Cbq-based queries die/hang indefinitely

Hi All -

We have a concerning issue that has crept up recently. When our CB cluster is under heavy(ish) load, some automation that calls queries via cbq hang indefinitely without error. The queries themselves aren’t complicated, but do often result in disk reads (e.g. larger population of data that isn’t always cache-resident).

Our frustration is that there’s no way the query should actually take that long. When the cluster is under light load, the queries return in a matter of seconds. But when the cluster is under pressure, the query appears to hang indefinitely as we’ve let the process sit for over a day.

So the assumption is that something is timing-out inside of the query engine, but we’re not seeing the error bubble back up to CBQ. We’re trapping for a non-zero error code in our call to cbq, so ideally if it times-out cbq would throw a non-zero error code.
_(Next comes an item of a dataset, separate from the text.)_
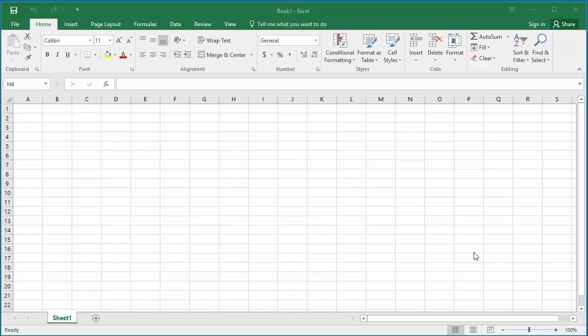When you are entering numeric data into a spreadsheet, if you have a requirement that all fractions need to be displayed as fractions in the spreadsheet instead of a decimal value, you can do it.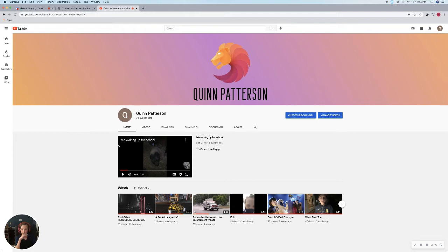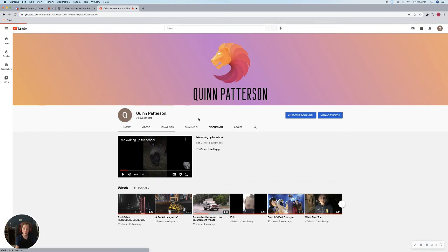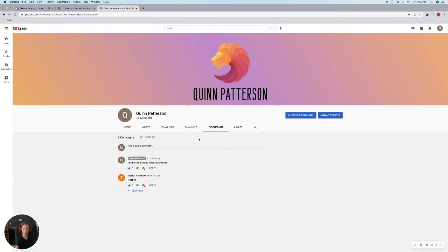If you're on my main page, you can go over to the discussion part. You can actually tell me what video ideas I could do, because I'm running out of them.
Is there any way to discover more details about what’s failing?


Also, we’ve monitored the query.log file on the node that we’re executing the query against and haven’t seen anything interesting there.

What is CB version? when hang/die is the query is doing fetch(non covered query)? At that time can u do covered query and see if that works.

Couchbase 4.5. Looks like we were looking in the wrong spot. We looked at the indexer log instead of the query log, and saw some errors. We ended up killing the indexer on all nodes, and everything is working again. If the issue creeps up again, I’ll send out an update.